Each line from the one holding "2023 Kia Sorento Hybrid EX" to the last line below must be restated word for word, and no picture may be included.

### Dataset content

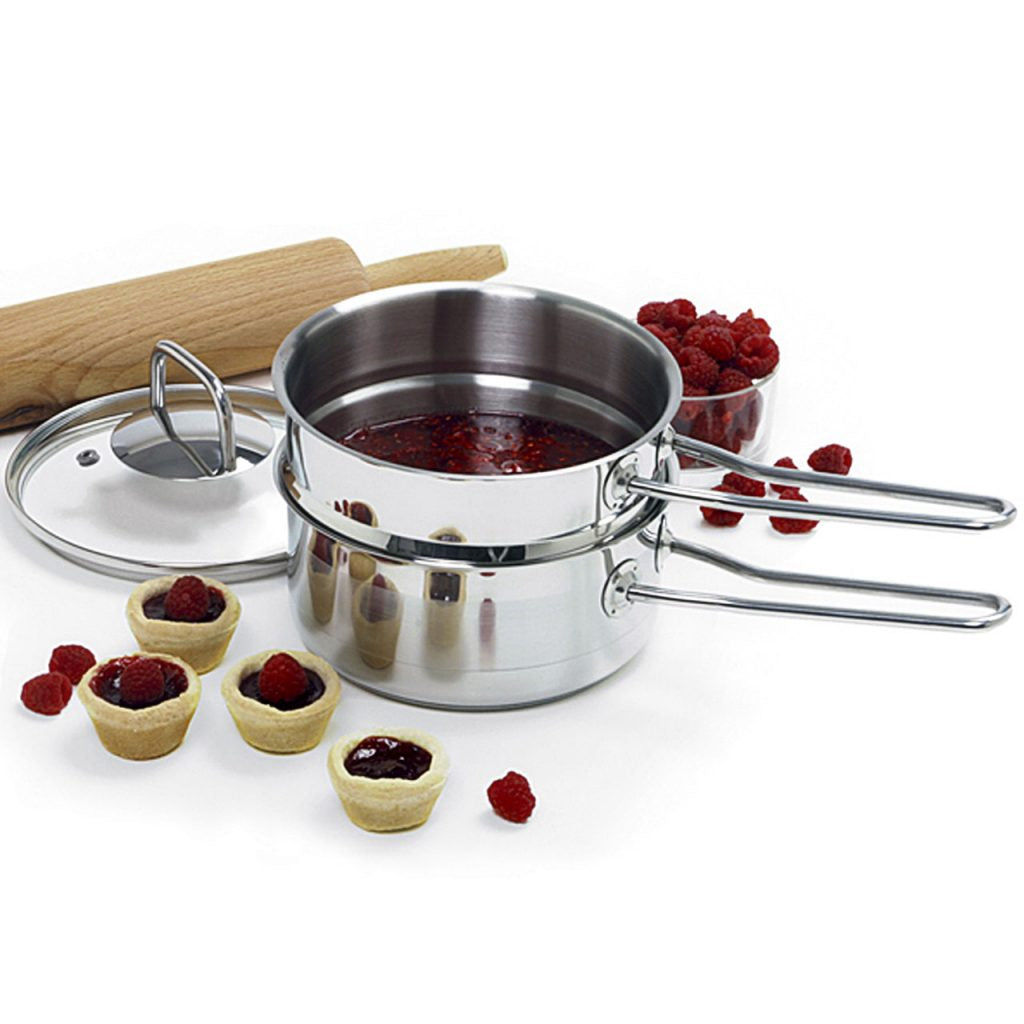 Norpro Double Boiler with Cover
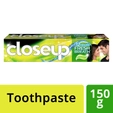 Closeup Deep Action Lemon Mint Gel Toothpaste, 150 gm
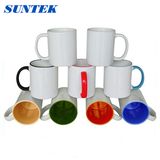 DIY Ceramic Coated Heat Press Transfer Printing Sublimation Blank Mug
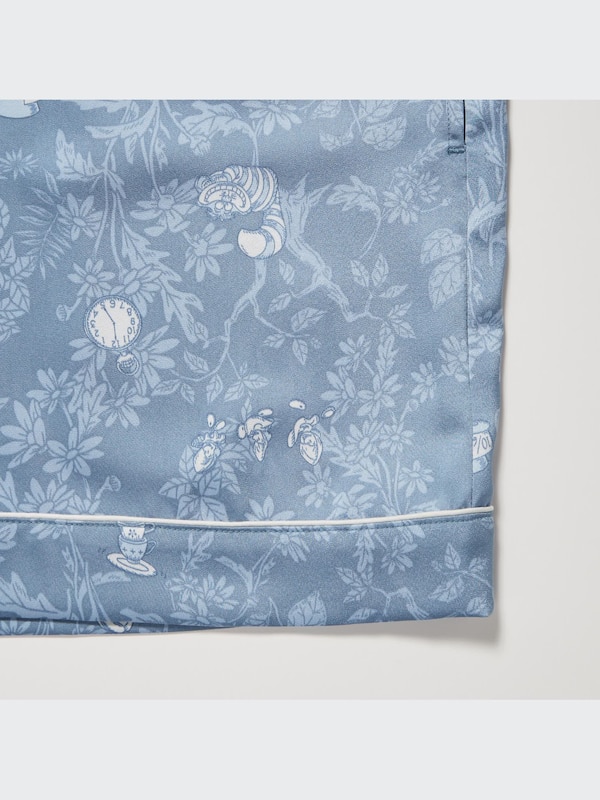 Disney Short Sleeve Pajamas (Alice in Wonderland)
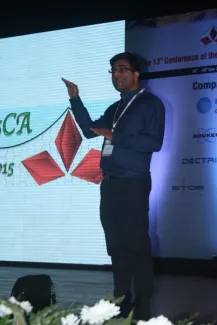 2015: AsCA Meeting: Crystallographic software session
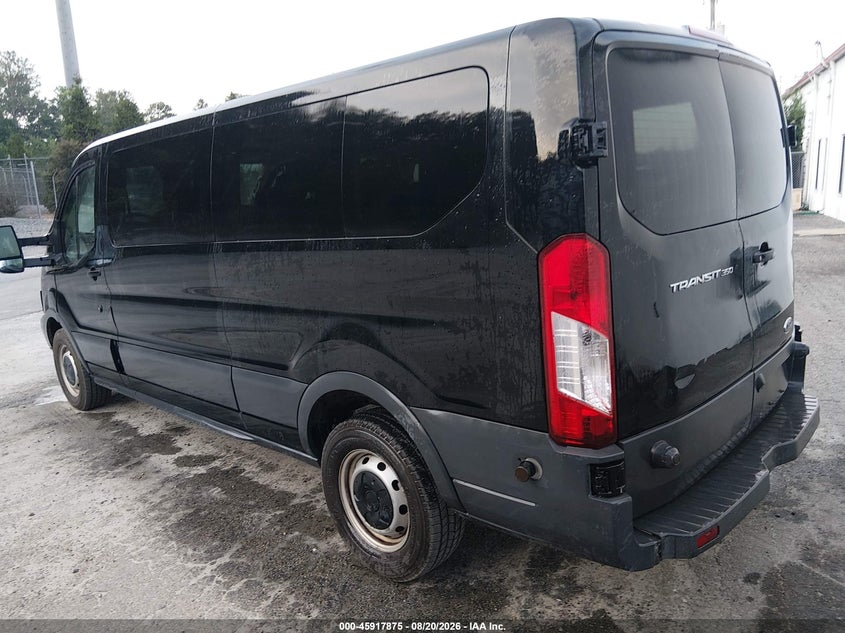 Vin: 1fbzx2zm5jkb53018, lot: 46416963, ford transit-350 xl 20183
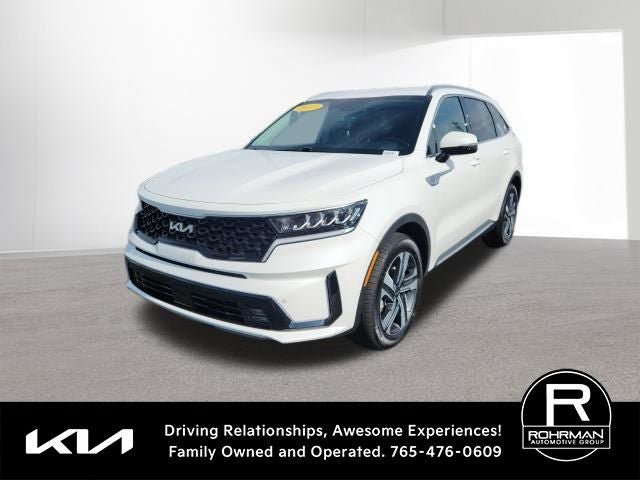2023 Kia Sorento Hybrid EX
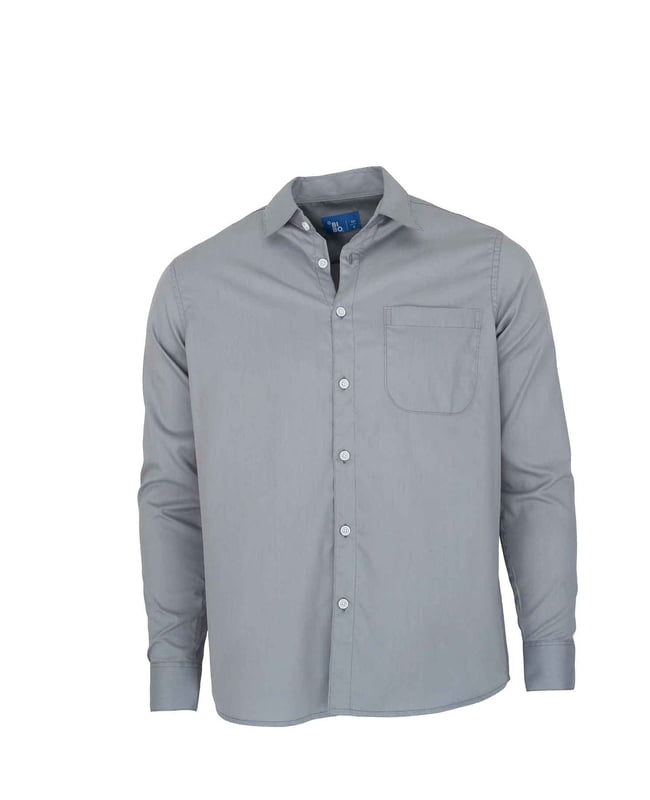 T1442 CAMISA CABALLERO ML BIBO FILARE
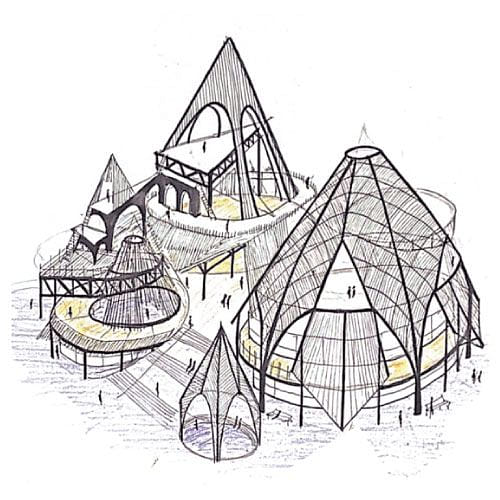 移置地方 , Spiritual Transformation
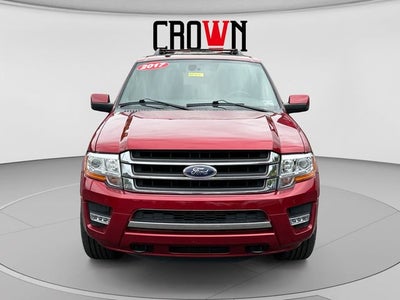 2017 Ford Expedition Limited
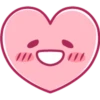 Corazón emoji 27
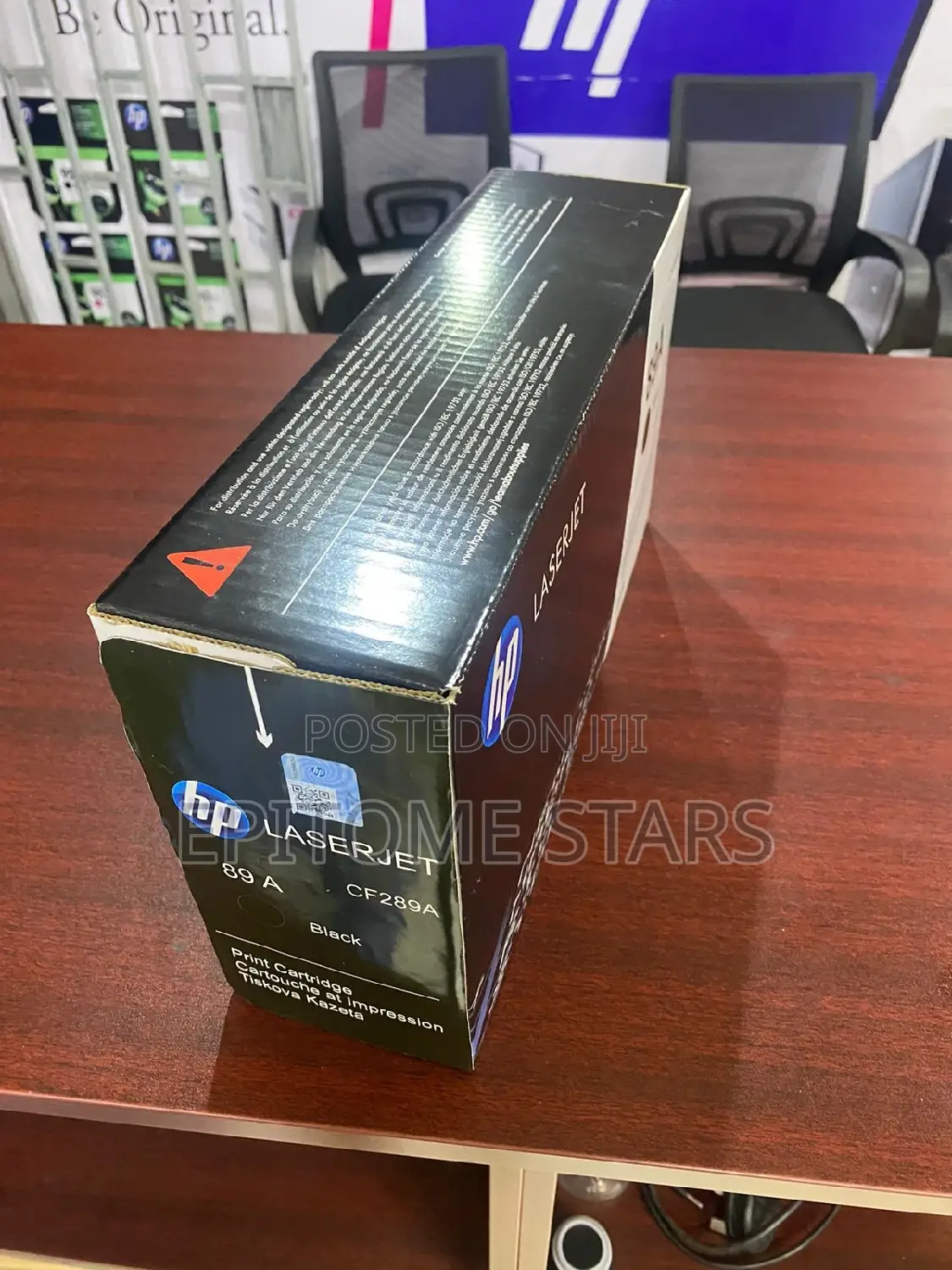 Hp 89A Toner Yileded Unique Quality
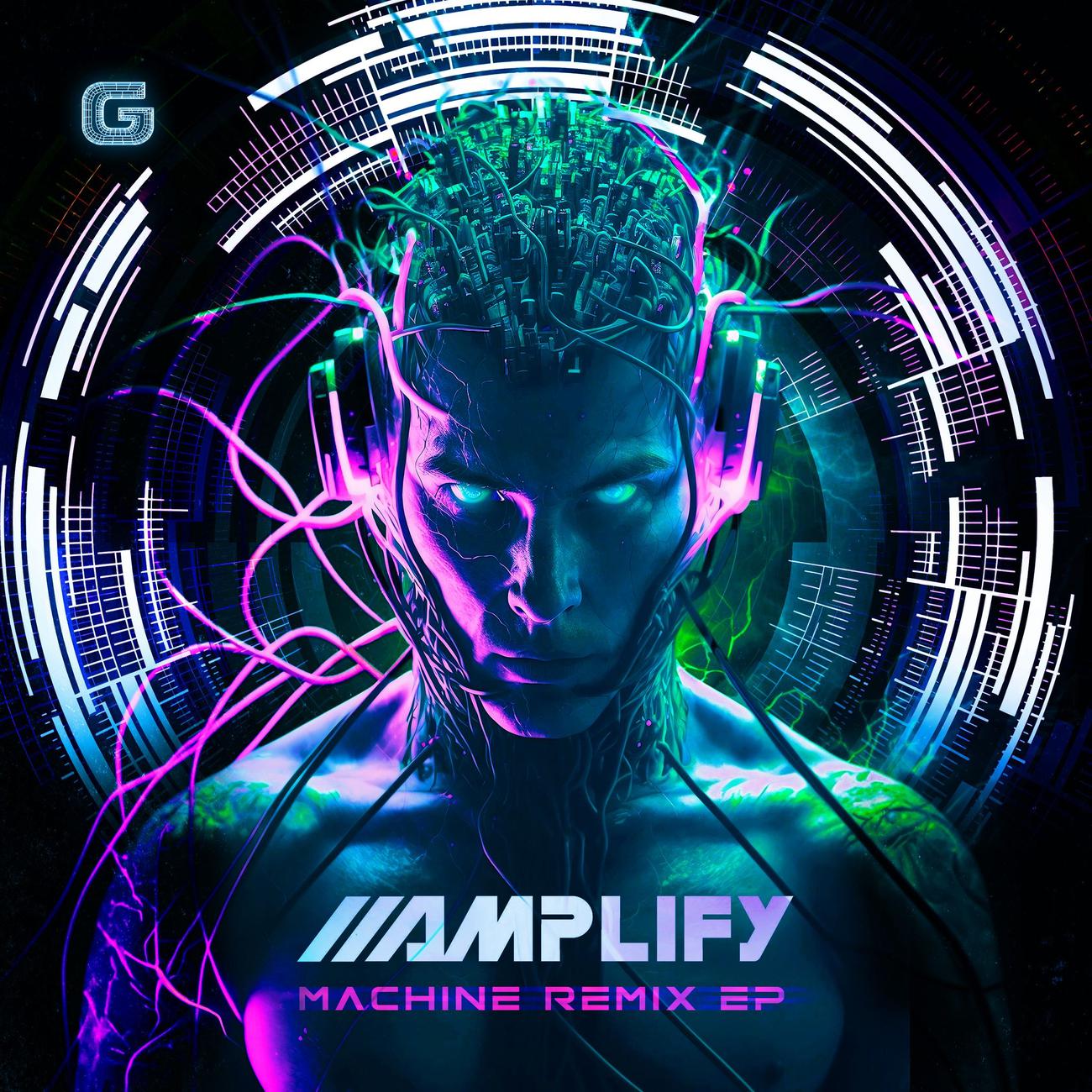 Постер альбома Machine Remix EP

######

Answer to this task
2023 Kia Sorento Hybrid EX
 T1442 CAMISA CABALLERO ML BIBO FILARE
 移置地方 , Spiritual Transformation
 2017 Ford Expedition Limited
 Corazón emoji 27
 Hp 89A Toner Yileded Unique Quality
 Постер альбома Machine Remix EP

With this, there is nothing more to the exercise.